Bug #8807
closed[Crunch] crunch-job doesn't save logs when exiting EX_TEMPFAIL
100%
Description
gatk queue parent job: https://workbench.wx7k5.arvadosapi.com/collections/c224325251c4194e854235c7877ce6f5+89/wx7k5-8i9sb-w0sevdd7ysszqjn.log.txt
child job: wx7k5-8i9sb-f0ygdqygwonamfr
log tab is blank
Updated by Brett Smith almost 9 years ago
- Subject changed from Cannot find logs to [Crunch] crunch-job doesn't save logs when exiting EX_TEMPFAIL
This is the last log, from the logs table:
2016-03-26_20:51:23 salloc: Granted job allocation 228 2016-03-26_20:51:23 13514 Sanity check is `docker.io ps -q` 2016-03-26_20:51:23 13514 sanity check: start 2016-03-26_20:51:23 13514 stderr starting: ['srun','--nodes=1','--ntasks-per-node=1','docker.io','ps','-q'] 2016-03-26_20:51:23 13514 stderr srun: error: Task launch for 228.0 failed on node compute15: No such file or directory 2016-03-26_20:51:23 13514 stderr srun: error: Application launch failed: No such file or directory 2016-03-26_20:51:23 13514 stderr srun: Job step aborted: Waiting up to 2 seconds for job step to finish. 2016-03-26_20:51:23 13514 stderr srun: error: Timed out waiting for job step to complete 2016-03-26_20:51:23 13514 sanity check: exit 2 2016-03-26_20:51:23 13514 Sanity check failed: 2 2016-03-26_20:51:23 salloc: Relinquishing job allocation 228
The bug is that crunch-job doesn't save logs when it exits TEMPFAIL. It can safely do that now; the code knows how to check the job record for an existing log collection, and append to it.
The job was failed immediately after this. That's a little surprising—why wasn't it retried as intended? There might be a second bug here.
Updated by Brett Smith almost 9 years ago
- Target version set to Arvados Future Sprints
Updated by Brett Smith almost 9 years ago
- Status changed from New to In Progress
- Assigned To set to Brett Smith
- Target version changed from Arvados Future Sprints to 2016-04-13 sprint
Updated by Brett Smith almost 9 years ago
Brett Smith wrote:
The job was failed immediately after this. That's a little surprising—why wasn't it retried as intended? There might be a second bug here.
Filed separately as #8869.
Updated by Peter Amstutz almost 9 years ago
What are the implications of calling save_meta() when the job record is locked by another crunch-job? I believe a failed api_call() results in die() (which is why the locking code catches it in an eval{}), which would prevent crunch-job from exiting EX_TEMPFAIL as intended.

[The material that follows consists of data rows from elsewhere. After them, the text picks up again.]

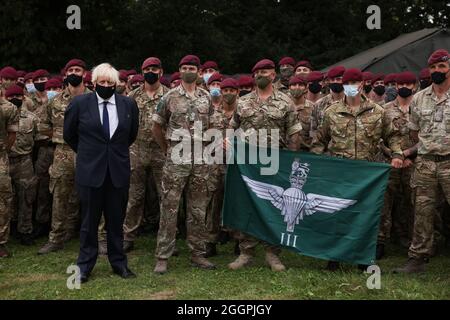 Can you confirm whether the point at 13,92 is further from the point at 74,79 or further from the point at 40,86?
the point at 40,86

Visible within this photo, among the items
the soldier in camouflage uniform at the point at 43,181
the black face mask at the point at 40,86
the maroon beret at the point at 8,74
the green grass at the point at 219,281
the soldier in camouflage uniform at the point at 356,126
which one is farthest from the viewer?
the black face mask at the point at 40,86

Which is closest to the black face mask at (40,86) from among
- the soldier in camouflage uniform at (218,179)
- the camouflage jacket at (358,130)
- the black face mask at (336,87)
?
the soldier in camouflage uniform at (218,179)

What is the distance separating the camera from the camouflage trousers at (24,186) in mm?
8547

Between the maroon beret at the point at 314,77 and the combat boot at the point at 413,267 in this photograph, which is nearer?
the combat boot at the point at 413,267

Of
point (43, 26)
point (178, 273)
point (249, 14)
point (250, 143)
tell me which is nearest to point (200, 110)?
point (250, 143)

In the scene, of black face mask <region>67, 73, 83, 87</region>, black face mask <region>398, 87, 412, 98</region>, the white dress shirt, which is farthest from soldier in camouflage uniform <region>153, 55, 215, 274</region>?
black face mask <region>398, 87, 412, 98</region>

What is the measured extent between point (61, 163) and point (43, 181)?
44.3 inches

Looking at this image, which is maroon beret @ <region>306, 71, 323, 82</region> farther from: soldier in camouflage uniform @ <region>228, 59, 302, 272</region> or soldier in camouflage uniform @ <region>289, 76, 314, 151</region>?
soldier in camouflage uniform @ <region>228, 59, 302, 272</region>

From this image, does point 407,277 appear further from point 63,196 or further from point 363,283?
point 63,196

Updated by Brett Smith almost 9 years ago
- Status changed from In Progress to Closed
- Target version deleted (
2016-04-13 sprint)
Peter Amstutz wrote:
What are the implications of calling save_meta() when the job record is locked by another crunch-job? I believe a failed api_call() results in die() (which is why the locking code catches it in an eval{}), which would prevent crunch-job from exiting EX_TEMPFAIL as intended.
You're right, that's no good. And in general, this is a bad way to try to solve the problem: this early in crunch-job, it's hard to be sure that it's safe to update the job's log field in any case.
On reflection, I think I'm going to declare this bug closed by #5694. I tested that current master Workbench renders logs for this job, and it does, which would address the complaint in the original report. For cases where the job fails this early, rendering logs from the logs table seems like a more robust strategy than trying to save them in the job record.